No, tonight what hit the chink in Jones’ armor was the same thing that’s raised every question the public has about him—an old-school journalist refusing to settle for a lazy, evasive answer.
Jones has experienced these moments before. When News10’s Thom Jensen began to uncover in 2014 that the sheriff’s department was data-mining information from people’s cellphones with its secret Stingray technology, Jones’ team reportedly stymied and stonewalled the reporter’s inquiries at every turn.
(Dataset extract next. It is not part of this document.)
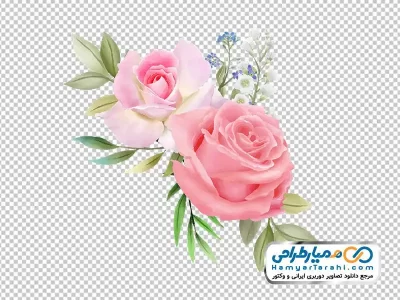 فایل png گل رز صورتی با برگ های سبز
This led to Jensen surprising the sheriff at a law enforcement graduation ceremony, where Jones’ signature coolness and disarming smile both evaporated on camera.
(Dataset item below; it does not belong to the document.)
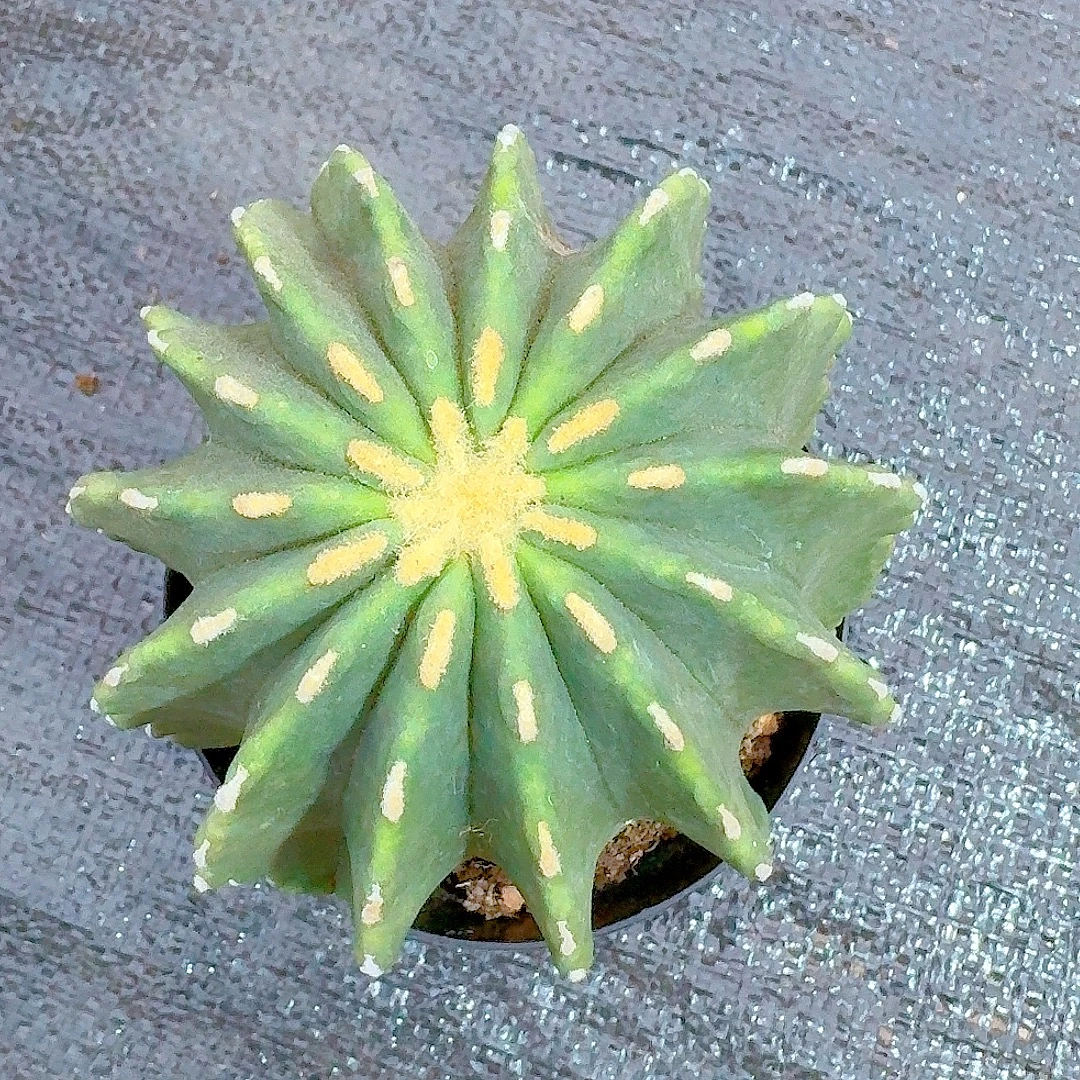 【无刺王冠龙】仙人球盆栽好养耐旱美观办公花卉绿植净化空气吸甲醛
“We’ve dealt with your incessant badgering of our department,” Jones vented to Jensen after asking the journalist if he was proud of himself.
But Jensen’s investigative work was a topic of conversation 14 months later when Jones held a press conference in which he acknowledged that not only did the sheriff’s department have the technology, but its detectives had been using it to collect cellphone data in Sacramento County for years without a judicial review policy. Jones barred Jensen from attending that press briefing.
Since then his concerns about reporters appear to have grown. In July, the Sacramento Bee’s editorial board quoted a memo Jones sent out about news coverage around his administration losing the sexual harassment civil trial. In the message, Jones lamented that “the media” was trying to drag down the entire sheriff’s department’s image just to paint him “as disreputable.”
If Jones believed that in July, then there are few signs his fears have lifted. In early September, SN&R requested an interview with Jones for this story. Initially, Jones’ campaign manager, Kyle McDonald, agreed to set up a meeting with his candidate.
As the weeks passed by, repeated calls and emails to McDonald failed to result in an interview date or even obtaining a basic schedule of Jones’ public appearances—the latter of which is conspicuously absent from his official website and Facebook page.
Now, Jones is walking out of the press conference without granting this paper an interview, and with a new question about climate change hanging over his head.
Despite proclamations of having a great relationship with the press, he hasn’t answered the hard questions about Johnathan Rose, immigrant detainees in his jails or the dozens of brutality claims against a handful of deputies still working.
But he walks out into the fall evening nonetheless, into the last days of a brutal election season where undecided voters now have one more dimension to consider in the ongoing enigma of deciding who he really is. The ongoing attack ads are aimed at a personality many find engaging, but the truth about the leader behind the badge is a story the public may never know.